_Activity_: Working from the records beneath this line, reproduce each one exactly.
*** Extracted data ***
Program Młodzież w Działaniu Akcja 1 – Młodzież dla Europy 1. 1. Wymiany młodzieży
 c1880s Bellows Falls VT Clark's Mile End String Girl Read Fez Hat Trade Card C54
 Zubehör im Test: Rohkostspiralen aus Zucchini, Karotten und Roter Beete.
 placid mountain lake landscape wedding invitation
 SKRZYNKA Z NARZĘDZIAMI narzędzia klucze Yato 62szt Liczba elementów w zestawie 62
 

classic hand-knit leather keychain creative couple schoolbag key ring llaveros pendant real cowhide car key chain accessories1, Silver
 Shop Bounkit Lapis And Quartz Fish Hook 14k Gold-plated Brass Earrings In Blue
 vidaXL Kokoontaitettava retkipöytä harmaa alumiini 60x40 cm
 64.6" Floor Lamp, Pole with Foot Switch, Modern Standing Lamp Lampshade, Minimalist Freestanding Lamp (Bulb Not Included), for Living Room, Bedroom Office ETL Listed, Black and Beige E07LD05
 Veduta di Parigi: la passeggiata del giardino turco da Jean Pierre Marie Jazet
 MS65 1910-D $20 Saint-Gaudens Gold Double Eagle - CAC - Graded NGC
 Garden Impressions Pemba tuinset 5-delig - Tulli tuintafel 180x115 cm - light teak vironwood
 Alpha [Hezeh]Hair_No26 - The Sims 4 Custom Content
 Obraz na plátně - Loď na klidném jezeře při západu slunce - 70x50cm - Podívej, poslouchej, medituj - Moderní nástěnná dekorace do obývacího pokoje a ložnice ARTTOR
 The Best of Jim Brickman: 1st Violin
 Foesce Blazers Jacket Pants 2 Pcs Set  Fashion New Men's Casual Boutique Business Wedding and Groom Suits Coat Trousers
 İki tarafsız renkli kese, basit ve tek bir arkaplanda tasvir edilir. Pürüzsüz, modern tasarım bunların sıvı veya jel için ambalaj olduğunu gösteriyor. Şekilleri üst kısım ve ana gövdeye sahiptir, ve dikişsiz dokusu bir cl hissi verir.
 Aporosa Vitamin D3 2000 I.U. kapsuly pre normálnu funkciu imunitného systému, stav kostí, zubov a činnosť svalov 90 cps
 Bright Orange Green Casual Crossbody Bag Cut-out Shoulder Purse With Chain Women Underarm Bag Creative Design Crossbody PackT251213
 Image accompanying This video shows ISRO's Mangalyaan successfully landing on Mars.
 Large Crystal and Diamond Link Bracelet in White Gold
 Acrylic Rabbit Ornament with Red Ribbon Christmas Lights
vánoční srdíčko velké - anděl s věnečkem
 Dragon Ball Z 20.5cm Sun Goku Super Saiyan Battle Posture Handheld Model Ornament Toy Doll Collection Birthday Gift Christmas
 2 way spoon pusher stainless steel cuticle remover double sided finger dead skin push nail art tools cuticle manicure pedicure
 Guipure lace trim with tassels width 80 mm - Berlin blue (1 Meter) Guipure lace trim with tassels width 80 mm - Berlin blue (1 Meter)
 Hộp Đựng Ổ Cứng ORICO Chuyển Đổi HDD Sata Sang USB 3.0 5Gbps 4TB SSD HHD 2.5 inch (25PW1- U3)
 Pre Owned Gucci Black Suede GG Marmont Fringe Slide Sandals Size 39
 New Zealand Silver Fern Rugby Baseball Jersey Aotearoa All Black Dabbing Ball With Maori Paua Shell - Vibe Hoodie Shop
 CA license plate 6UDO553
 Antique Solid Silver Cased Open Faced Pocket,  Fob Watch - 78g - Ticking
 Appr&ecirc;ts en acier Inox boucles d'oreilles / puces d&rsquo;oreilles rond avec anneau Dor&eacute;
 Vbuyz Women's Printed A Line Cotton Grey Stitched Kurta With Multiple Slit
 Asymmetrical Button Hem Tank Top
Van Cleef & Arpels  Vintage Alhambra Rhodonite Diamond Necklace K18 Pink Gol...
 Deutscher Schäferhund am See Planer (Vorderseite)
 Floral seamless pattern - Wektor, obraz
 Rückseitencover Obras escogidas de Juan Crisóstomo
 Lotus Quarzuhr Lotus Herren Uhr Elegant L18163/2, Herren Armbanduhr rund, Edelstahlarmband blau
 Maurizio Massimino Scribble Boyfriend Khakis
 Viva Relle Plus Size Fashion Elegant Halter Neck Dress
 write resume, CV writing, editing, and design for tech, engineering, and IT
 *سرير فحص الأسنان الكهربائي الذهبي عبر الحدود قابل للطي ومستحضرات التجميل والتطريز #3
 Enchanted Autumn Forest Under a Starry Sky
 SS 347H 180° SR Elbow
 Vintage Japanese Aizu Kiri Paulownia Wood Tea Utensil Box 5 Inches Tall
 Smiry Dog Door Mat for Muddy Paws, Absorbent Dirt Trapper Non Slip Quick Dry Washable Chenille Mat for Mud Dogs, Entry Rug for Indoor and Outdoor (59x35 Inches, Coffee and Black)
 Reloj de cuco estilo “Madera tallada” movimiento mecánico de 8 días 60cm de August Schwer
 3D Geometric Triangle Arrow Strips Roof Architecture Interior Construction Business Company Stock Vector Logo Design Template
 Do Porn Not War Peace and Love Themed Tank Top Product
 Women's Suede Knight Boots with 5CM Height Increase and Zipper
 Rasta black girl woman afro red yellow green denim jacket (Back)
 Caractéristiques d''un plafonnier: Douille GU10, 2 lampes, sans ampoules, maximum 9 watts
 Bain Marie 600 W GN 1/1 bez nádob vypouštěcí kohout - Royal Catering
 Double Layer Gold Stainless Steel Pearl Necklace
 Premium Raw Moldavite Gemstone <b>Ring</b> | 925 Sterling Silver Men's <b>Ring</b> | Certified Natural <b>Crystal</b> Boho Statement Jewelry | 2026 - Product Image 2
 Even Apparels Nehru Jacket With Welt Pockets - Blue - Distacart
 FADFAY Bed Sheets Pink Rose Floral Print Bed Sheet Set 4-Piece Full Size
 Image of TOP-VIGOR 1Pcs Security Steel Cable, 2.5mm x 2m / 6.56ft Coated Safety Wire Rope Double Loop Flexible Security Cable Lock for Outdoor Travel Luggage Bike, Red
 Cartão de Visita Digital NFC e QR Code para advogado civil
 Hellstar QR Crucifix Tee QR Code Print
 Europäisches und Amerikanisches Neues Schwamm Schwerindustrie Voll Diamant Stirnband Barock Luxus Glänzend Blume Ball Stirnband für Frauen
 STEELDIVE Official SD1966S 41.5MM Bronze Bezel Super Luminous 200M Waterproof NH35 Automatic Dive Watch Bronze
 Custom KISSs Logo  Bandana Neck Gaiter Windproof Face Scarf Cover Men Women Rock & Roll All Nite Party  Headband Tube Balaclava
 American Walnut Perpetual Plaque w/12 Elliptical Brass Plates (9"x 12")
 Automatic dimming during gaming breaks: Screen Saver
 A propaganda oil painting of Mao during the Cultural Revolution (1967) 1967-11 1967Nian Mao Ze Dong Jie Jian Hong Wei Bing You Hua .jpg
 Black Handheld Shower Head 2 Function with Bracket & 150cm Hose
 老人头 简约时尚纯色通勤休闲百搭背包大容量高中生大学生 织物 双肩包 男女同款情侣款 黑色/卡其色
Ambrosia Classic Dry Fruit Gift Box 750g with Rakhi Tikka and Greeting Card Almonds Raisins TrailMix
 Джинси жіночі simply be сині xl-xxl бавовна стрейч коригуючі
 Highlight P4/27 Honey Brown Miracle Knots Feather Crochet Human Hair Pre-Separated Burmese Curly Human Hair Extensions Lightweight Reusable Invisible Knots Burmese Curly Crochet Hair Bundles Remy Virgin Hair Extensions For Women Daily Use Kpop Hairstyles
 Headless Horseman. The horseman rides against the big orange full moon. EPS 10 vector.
*** End of Extracted data ***
_Solved exercise_:
Program Młodzież w Działaniu Akcja 1 – Młodzież dla Europy 1. 1. Wymiany młodzieży
 c1880s Bellows Falls VT Clark's Mile End String Girl Read Fez Hat Trade Card C54
 Zubehör im Test: Rohkostspiralen aus Zucchini, Karotten und Roter Beete.
 placid mountain lake landscape wedding invitation
 SKRZYNKA Z NARZĘDZIAMI narzędzia klucze Yato 62szt Liczba elementów w zestawie 62
 

classic hand-knit leather keychain creative couple schoolbag key ring llaveros pendant real cowhide car key chain accessories1, Silver
 Shop Bounkit Lapis And Quartz Fish Hook 14k Gold-plated Brass Earrings In Blue
 vidaXL Kokoontaitettava retkipöytä harmaa alumiini 60x40 cm
 64.6" Floor Lamp, Pole with Foot Switch, Modern Standing Lamp Lampshade, Minimalist Freestanding Lamp (Bulb Not Included), for Living Room, Bedroom Office ETL Listed, Black and Beige E07LD05
 Veduta di Parigi: la passeggiata del giardino turco da Jean Pierre Marie Jazet
 MS65 1910-D $20 Saint-Gaudens Gold Double Eagle - CAC - Graded NGC
 Garden Impressions Pemba tuinset 5-delig - Tulli tuintafel 180x115 cm - light teak vironwood
 Alpha [Hezeh]Hair_No26 - The Sims 4 Custom Content
 Obraz na plátně - Loď na klidném jezeře při západu slunce - 70x50cm - Podívej, poslouchej, medituj - Moderní nástěnná dekorace do obývacího pokoje a ložnice ARTTOR
 The Best of Jim Brickman: 1st Violin
 Foesce Blazers Jacket Pants 2 Pcs Set  Fashion New Men's Casual Boutique Business Wedding and Groom Suits Coat Trousers
 İki tarafsız renkli kese, basit ve tek bir arkaplanda tasvir edilir. Pürüzsüz, modern tasarım bunların sıvı veya jel için ambalaj olduğunu gösteriyor. Şekilleri üst kısım ve ana gövdeye sahiptir, ve dikişsiz dokusu bir cl hissi verir.
 Aporosa Vitamin D3 2000 I.U. kapsuly pre normálnu funkciu imunitného systému, stav kostí, zubov a činnosť svalov 90 cps
 Bright Orange Green Casual Crossbody Bag Cut-out Shoulder Purse With Chain Women Underarm Bag Creative Design Crossbody PackT251213
 Image accompanying This video shows ISRO's Mangalyaan successfully landing on Mars.
 Large Crystal and Diamond Link Bracelet in White Gold
 Acrylic Rabbit Ornament with Red Ribbon Christmas Lights
vánoční srdíčko velké - anděl s věnečkem
 Dragon Ball Z 20.5cm Sun Goku Super Saiyan Battle Posture Handheld Model Ornament Toy Doll Collection Birthday Gift Christmas
 2 way spoon pusher stainless steel cuticle remover double sided finger dead skin push nail art tools cuticle manicure pedicure
 Guipure lace trim with tassels width 80 mm - Berlin blue (1 Meter) Guipure lace trim with tassels width 80 mm - Berlin blue (1 Meter)
 Hộp Đựng Ổ Cứng ORICO Chuyển Đổi HDD Sata Sang USB 3.0 5Gbps 4TB SSD HHD 2.5 inch (25PW1- U3)
 Pre Owned Gucci Black Suede GG Marmont Fringe Slide Sandals Size 39
 New Zealand Silver Fern Rugby Baseball Jersey Aotearoa All Black Dabbing Ball With Maori Paua Shell - Vibe Hoodie Shop
 CA license plate 6UDO553
 Antique Solid Silver Cased Open Faced Pocket,  Fob Watch - 78g - Ticking
 Appr&ecirc;ts en acier Inox boucles d'oreilles / puces d&rsquo;oreilles rond avec anneau Dor&eacute;
 Vbuyz Women's Printed A Line Cotton Grey Stitched Kurta With Multiple Slit
 Asymmetrical Button Hem Tank Top
Van Cleef & Arpels  Vintage Alhambra Rhodonite Diamond Necklace K18 Pink Gol...
 Deutscher Schäferhund am See Planer (Vorderseite)
 Floral seamless pattern - Wektor, obraz
 Rückseitencover Obras escogidas de Juan Crisóstomo
 Lotus Quarzuhr Lotus Herren Uhr Elegant L18163/2, Herren Armbanduhr rund, Edelstahlarmband blau
 Maurizio Massimino Scribble Boyfriend Khakis
 Viva Relle Plus Size Fashion Elegant Halter Neck Dress
 write resume, CV writing, editing, and design for tech, engineering, and IT
 *سرير فحص الأسنان الكهربائي الذهبي عبر الحدود قابل للطي ومستحضرات التجميل والتطريز #3
 Enchanted Autumn Forest Under a Starry Sky
 SS 347H 180° SR Elbow
 Vintage Japanese Aizu Kiri Paulownia Wood Tea Utensil Box 5 Inches Tall
 Smiry Dog Door Mat for Muddy Paws, Absorbent Dirt Trapper Non Slip Quick Dry Washable Chenille Mat for Mud Dogs, Entry Rug for Indoor and Outdoor (59x35 Inches, Coffee and Black)
 Reloj de cuco estilo “Madera tallada” movimiento mecánico de 8 días 60cm de August Schwer
 3D Geometric Triangle Arrow Strips Roof Architecture Interior Construction Business Company Stock Vector Logo Design Template
 Do Porn Not War Peace and Love Themed Tank Top Product
 Women's Suede Knight Boots with 5CM Height Increase and Zipper
 Rasta black girl woman afro red yellow green denim jacket (Back)
 Caractéristiques d''un plafonnier: Douille GU10, 2 lampes, sans ampoules, maximum 9 watts
 Bain Marie 600 W GN 1/1 bez nádob vypouštěcí kohout - Royal Catering
 Double Layer Gold Stainless Steel Pearl Necklace
 Premium Raw Moldavite Gemstone <b>Ring</b> | 925 Sterling Silver Men's <b>Ring</b> | Certified Natural <b>Crystal</b> Boho Statement Jewelry | 2026 - Product Image 2
 Even Apparels Nehru Jacket With Welt Pockets - Blue - Distacart
 FADFAY Bed Sheets Pink Rose Floral Print Bed Sheet Set 4-Piece Full Size
 Image of TOP-VIGOR 1Pcs Security Steel Cable, 2.5mm x 2m / 6.56ft Coated Safety Wire Rope Double Loop Flexible Security Cable Lock for Outdoor Travel Luggage Bike, Red
 Cartão de Visita Digital NFC e QR Code para advogado civil
 Hellstar QR Crucifix Tee QR Code Print
 Europäisches und Amerikanisches Neues Schwamm Schwerindustrie Voll Diamant Stirnband Barock Luxus Glänzend Blume Ball Stirnband für Frauen
 STEELDIVE Official SD1966S 41.5MM Bronze Bezel Super Luminous 200M Waterproof NH35 Automatic Dive Watch Bronze
 Custom KISSs Logo  Bandana Neck Gaiter Windproof Face Scarf Cover Men Women Rock & Roll All Nite Party  Headband Tube Balaclava
 American Walnut Perpetual Plaque w/12 Elliptical Brass Plates (9"x 12")
 Automatic dimming during gaming breaks: Screen Saver
 A propaganda oil painting of Mao during the Cultural Revolution (1967) 1967-11 1967Nian Mao Ze Dong Jie Jian Hong Wei Bing You Hua .jpg
 Black Handheld Shower Head 2 Function with Bracket & 150cm Hose
 老人头 简约时尚纯色通勤休闲百搭背包大容量高中生大学生 织物 双肩包 男女同款情侣款 黑色/卡其色
Ambrosia Classic Dry Fruit Gift Box 750g with Rakhi Tikka and Greeting Card Almonds Raisins TrailMix
 Джинси жіночі simply be сині xl-xxl бавовна стрейч коригуючі
 Highlight P4/27 Honey Brown Miracle Knots Feather Crochet Human Hair Pre-Separated Burmese Curly Human Hair Extensions Lightweight Reusable Invisible Knots Burmese Curly Crochet Hair Bundles Remy Virgin Hair Extensions For Women Daily Use Kpop Hairstyles
 Headless Horseman. The horseman rides against the big orange full moon. EPS 10 vector.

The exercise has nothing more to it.